Bonus: The CMSDAS Challenge

Last updated on 2026-02-17 | Edit this page

Estimated time: 60 minutes

Overview

Questions

  • How do I integrate existing CMS analysis repositories into Snakemake?
  • How do I handle scripts that produce non-deterministic outputs (timestamps)?
  • How do I chain different software environments (Coffea \(\rightarrow\) Combine)?

Objectives

  • Clone and configure the \(t\bar{t}\gamma\) analysis repository.
  • Write a rule to parallelize the processing step.
  • “Patch” the aggregation step to accept Snakemake inputs.
  • Execute a final statistical fit using a dedicated combine container.

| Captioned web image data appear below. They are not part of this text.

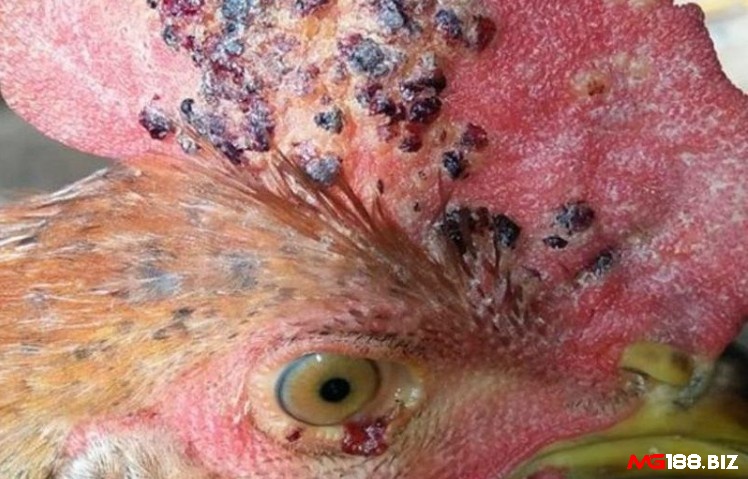 Bệnh đậu ở gà cũng có thể dẫn tới mù mắt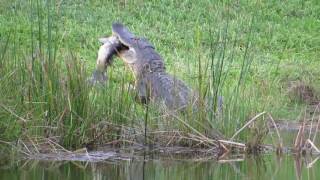 alligator eating big fish [upl. by Oretos]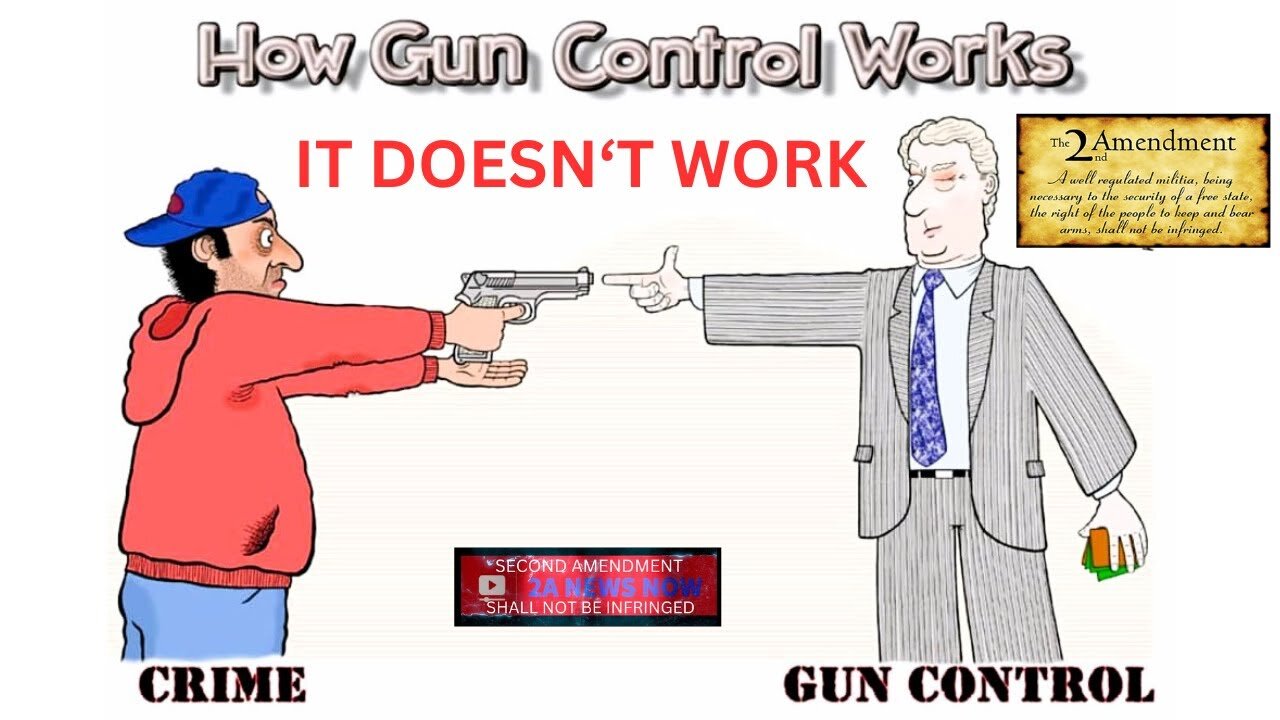 Another Video Against Gun Control (Old Video, Minarchist)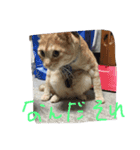 音ピ猫（個別スタンプ：6）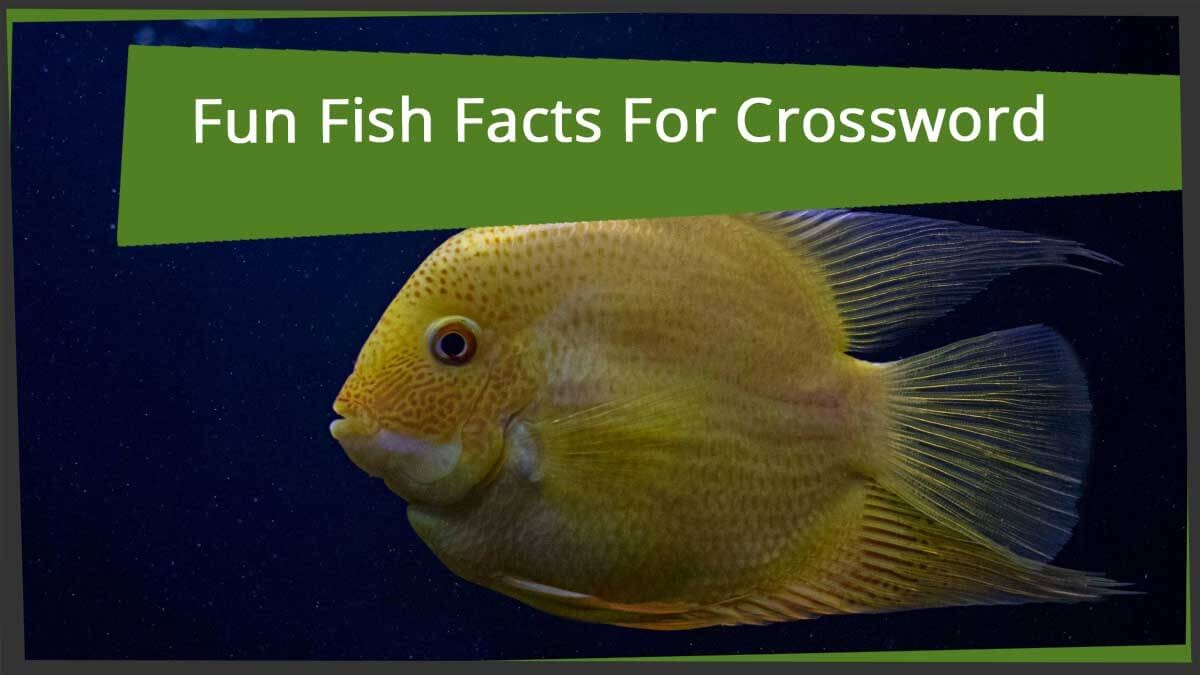 Fun Fish Facts For Crossword Puzzle Lovers Word grabber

The Challenge: \(t\bar{t}\gamma\) Cross Section


In the previous episodes, we worked with toy scripts. Now, we will automate a real analysis: the CMSDAS \(t\bar{t}\gamma\) Long Exercise. For this tutorial, we are not interested about the physics details, but rather how to integrate an existing analysis workflow into Snakemake. If you want to know more about the physics, check the CMSDAS \(t\bar{t}\gamma\) Long Exercise repository.

This analysis has a typical structure:

  1. Coffea Processor (runFullDataset.py): Runs on NanoAODs and produces .coffea histograms.
  2. Plotting/Conversion (save_to_root.py): Aggregates histograms and saves them as .root files for the fit.
  3. Statistics (combine): Performs a likelihood fit to extract the cross-section.

Setting the Stage

First, we need the analysis code. We will clone the repository directly into our workflow directory.

BASH

# Clone the repository (using the facilitators2026 branch for this tutorial)
git clone -b facilitators2026 https://github.com/fnallpc/ttgamma_longexercise.git

Now, check the contents. Notice that we are using the facilitators2026 branch (the solutions branch). You should see runFullDataset.py and a ttgamma/ directory.

Callout

Notice that we are trying to give a “realistic” experience in this tutorial. The code is not designed for Snakemake, so we will have to make some adjustments and “patches” to make it work. This is a common scenario when integrating legacy code into modern workflows.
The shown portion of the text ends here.